▸ THE DATA
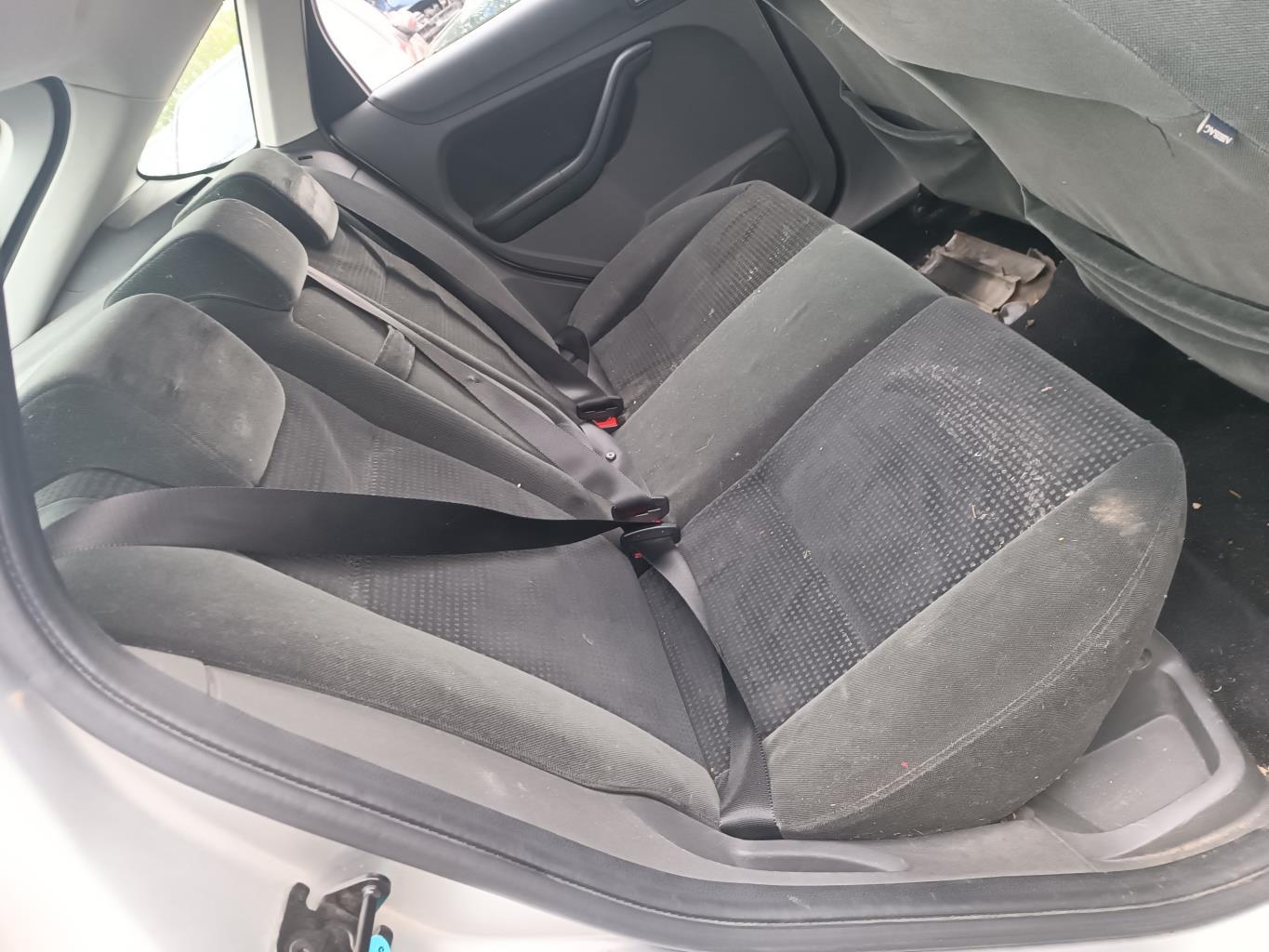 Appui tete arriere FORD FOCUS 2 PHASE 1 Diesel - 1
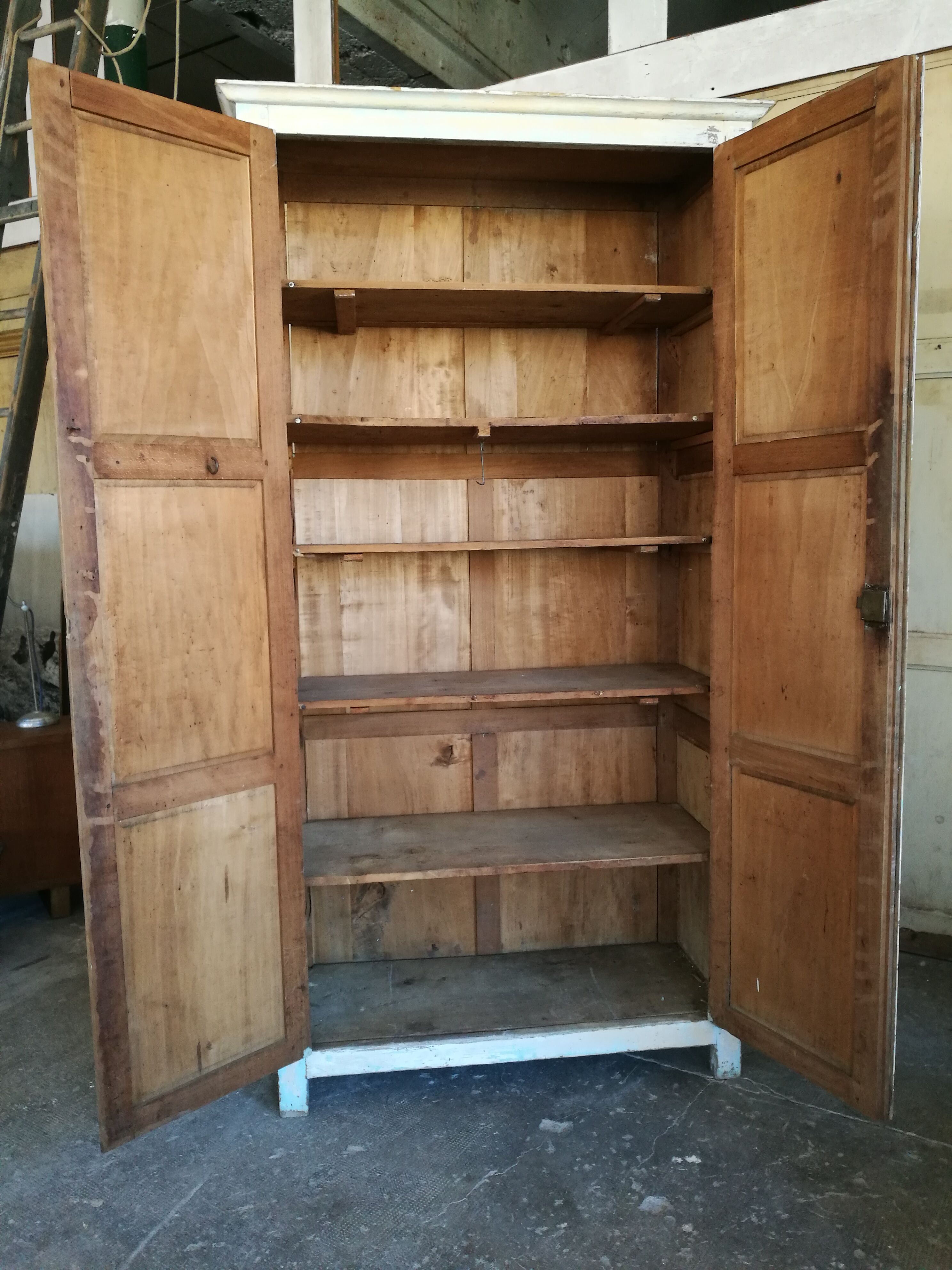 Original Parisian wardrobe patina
---
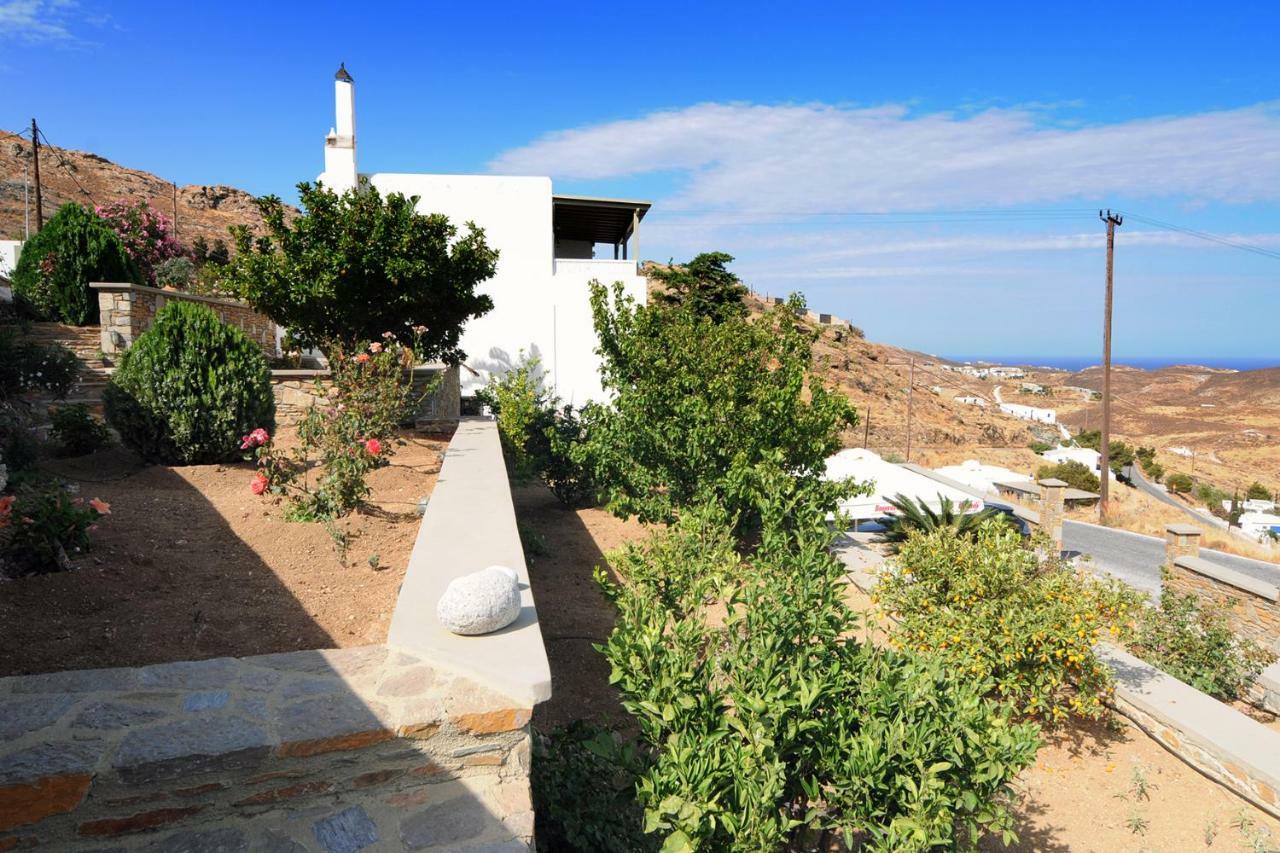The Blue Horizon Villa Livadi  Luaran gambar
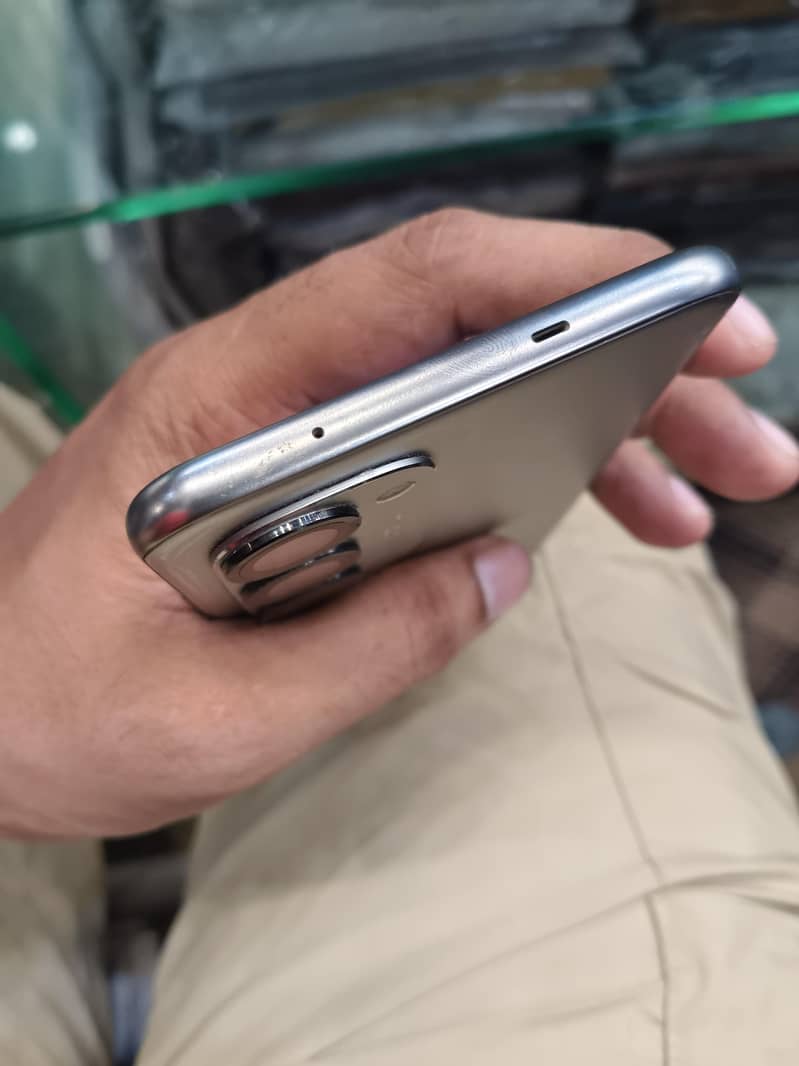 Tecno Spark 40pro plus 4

▸ TASK
Please copy out from the data above, without any picture, exactly the lines running from the one that holds "Appui tete arriere" through the one that holds "Original Parisian wardrobe patina", and nothing beyond them.

▸ RESPONSE
 Appui tete arriere FORD FOCUS 2 PHASE 1 Diesel - 1
 Original Parisian wardrobe patina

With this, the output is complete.